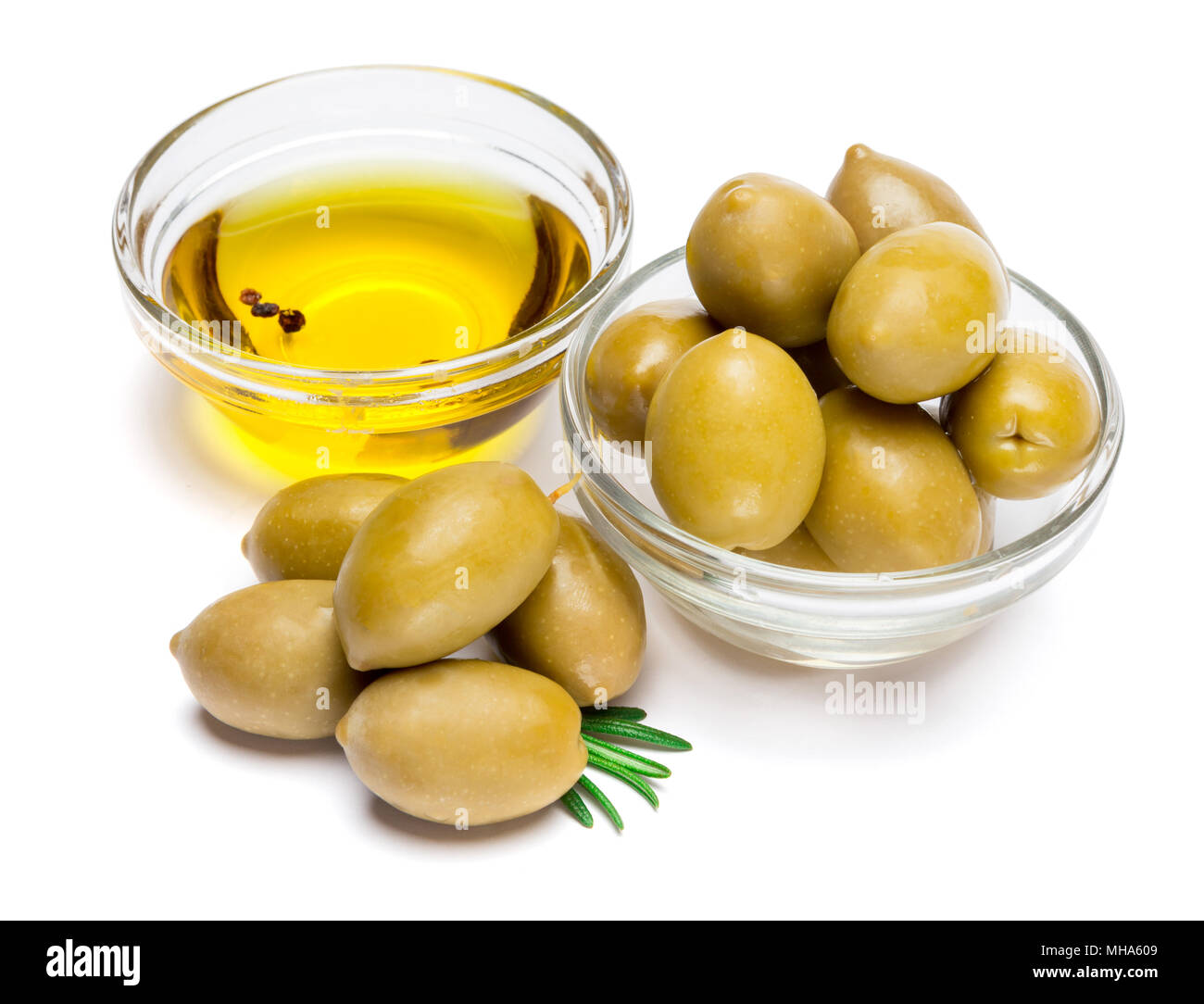 green olives ond olive oil isolated on white background Stock Photo - Alamy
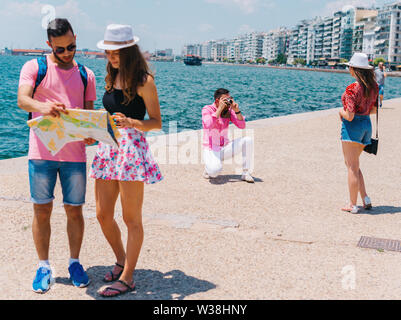 Ein paar ist das Lesen einer Karte, während die anderen Fotos ist, die ihren Sommer Urlaub. Stockfoto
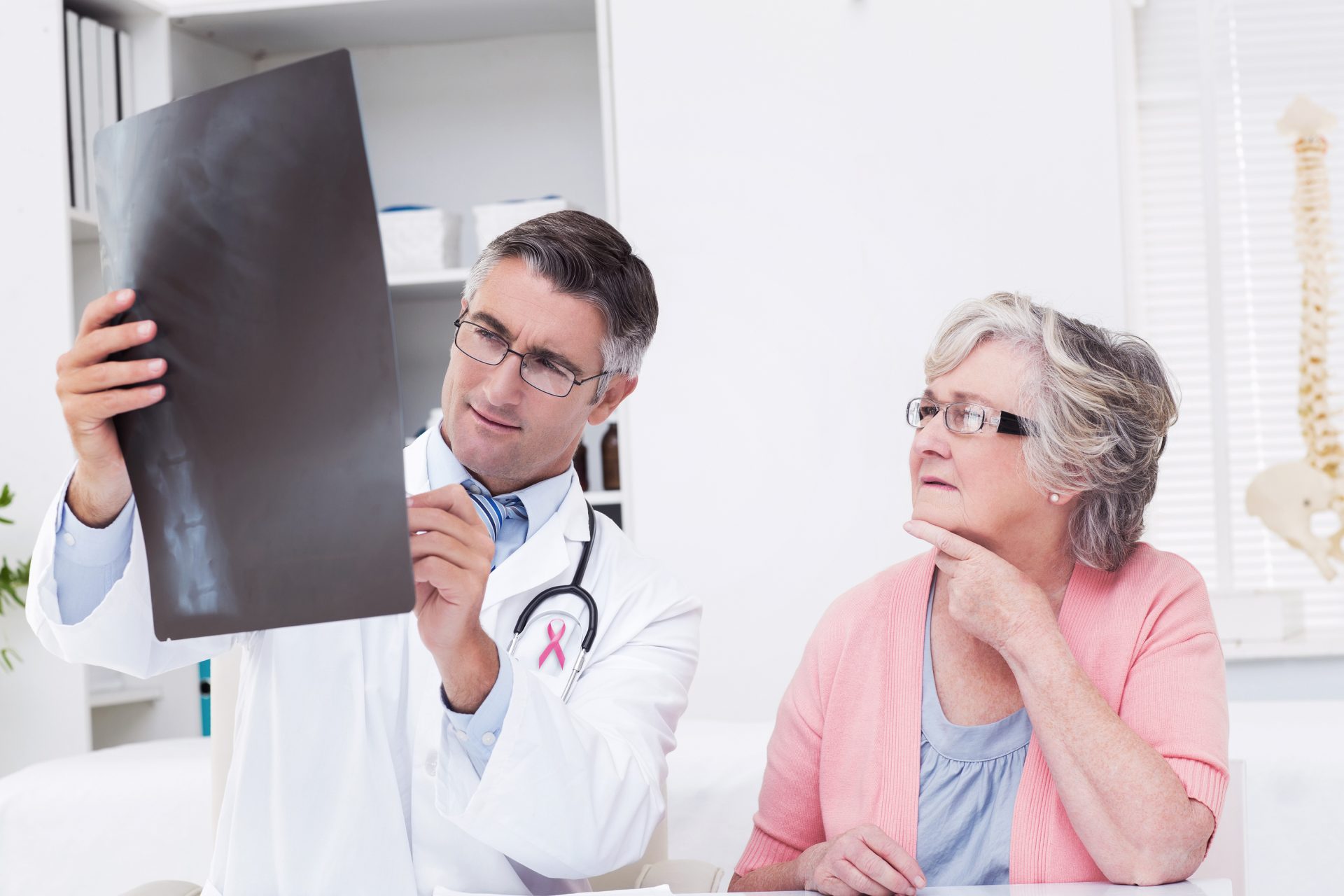 Pink awareness ribbon against doctor explaining x-ray to female patient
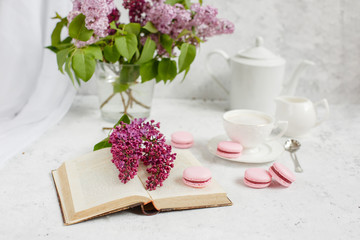 Obraz na płótnie Canvas A Cup of morning coffee, a bowl of lilac, macaroni, on a light background. Postcard good morning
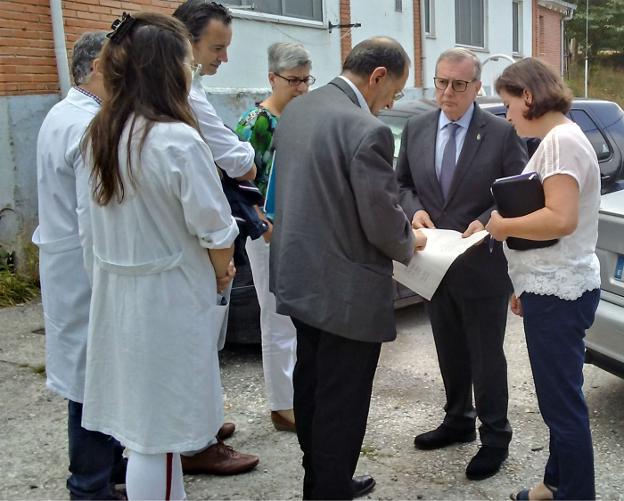 El jefe de obras de la consejería, Jesús Menéndez, explica los planos de la reforma en Tormaleo al consejero y a la alcaldesa de Ibias. 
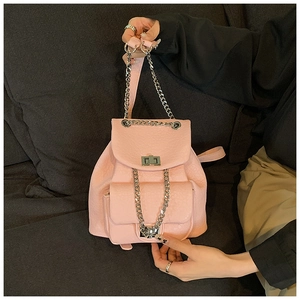 Detail view of pink leather backpack with silver chain straps and stylish metal turn lock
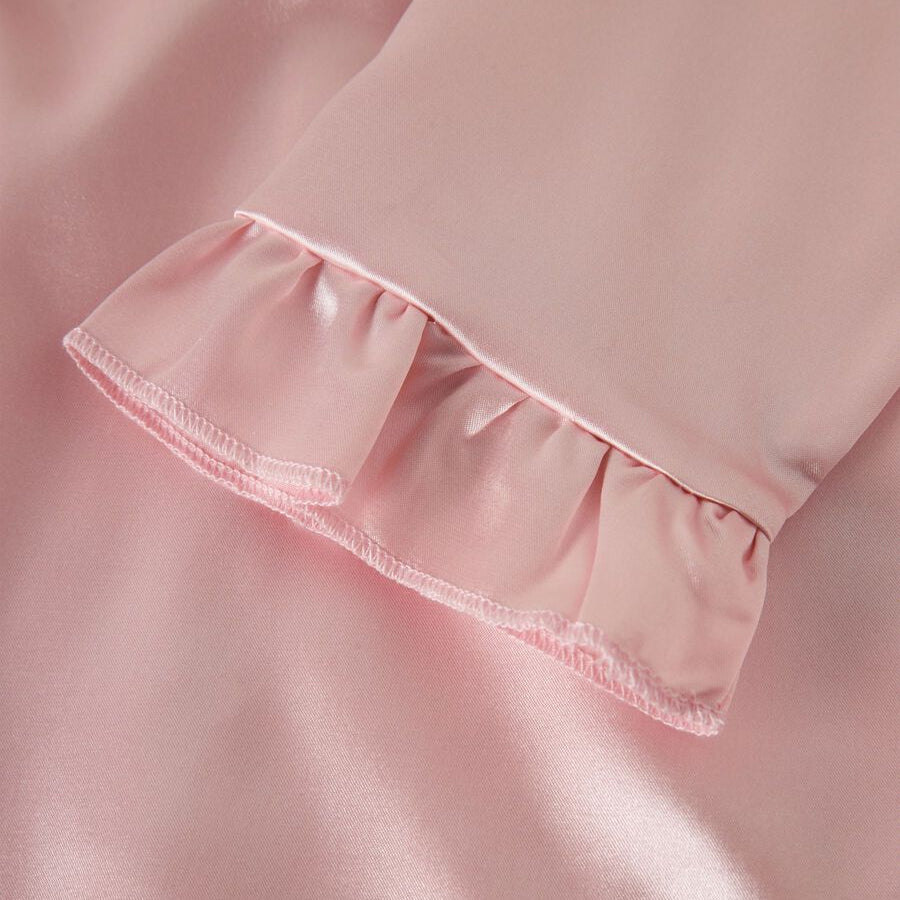 Close-up of a pink fabric with ruffled edge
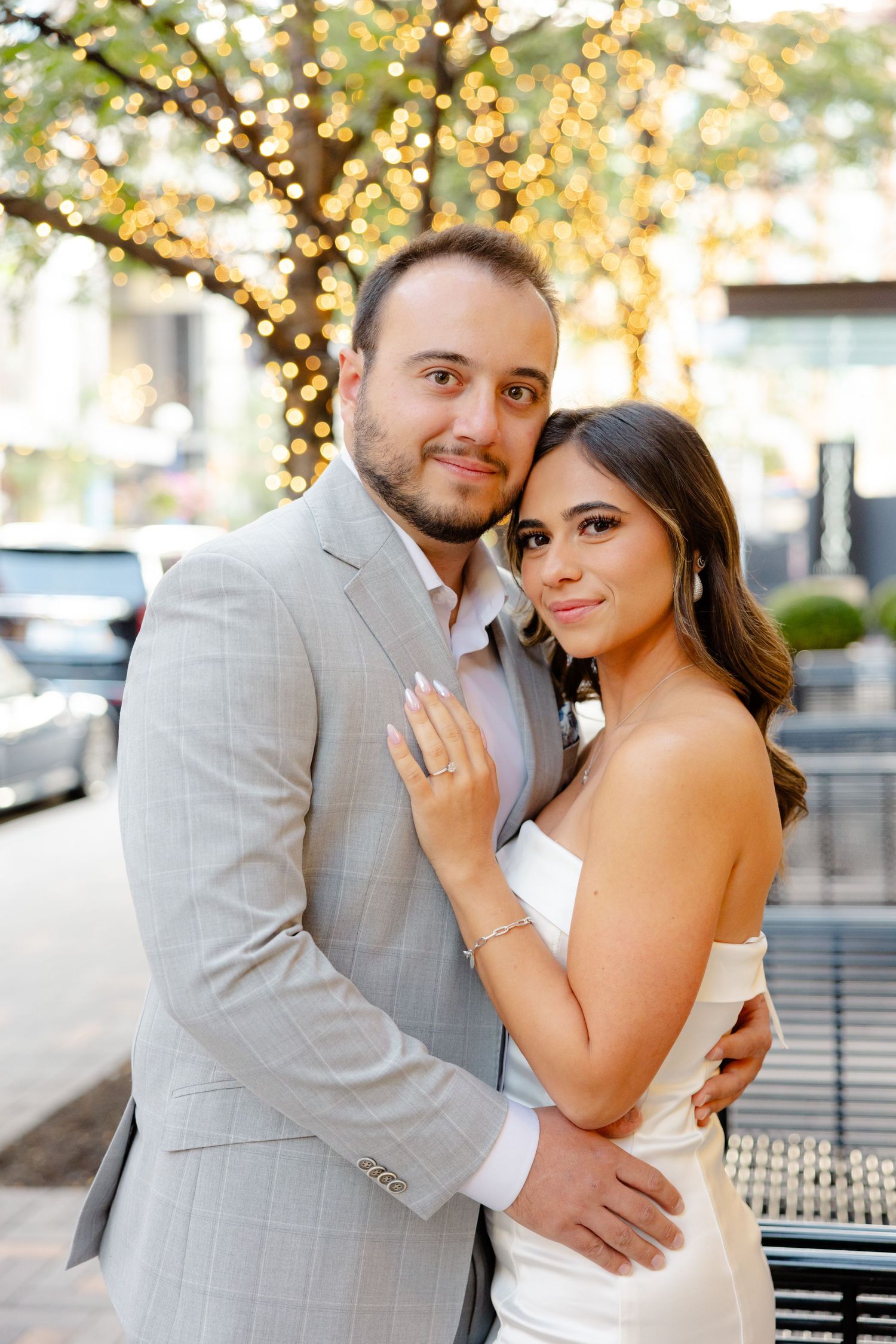 An engaged couple poses in front of twinkling lights, with the woman displaying her ring while wearing a white dress.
* * *
• [Assignment] Produce the full material again verbatim, with the pictures dropped.

• [Final answer]
 green olives ond olive oil isolated on white background Stock Photo - Alamy
 Ein paar ist das Lesen einer Karte, während die anderen Fotos ist, die ihren Sommer Urlaub. Stockfoto
 Pink awareness ribbon against doctor explaining x-ray to female patient
 Obraz na płótnie Canvas A Cup of morning coffee, a bowl of lilac, macaroni, on a light background. Postcard good morning
 El jefe de obras de la consejería, Jesús Menéndez, explica los planos de la reforma en Tormaleo al consejero y a la alcaldesa de Ibias. 
 Detail view of pink leather backpack with silver chain straps and stylish metal turn lock
 Close-up of a pink fabric with ruffled edge
 An engaged couple poses in front of twinkling lights, with the woman displaying her ring while wearing a white dress.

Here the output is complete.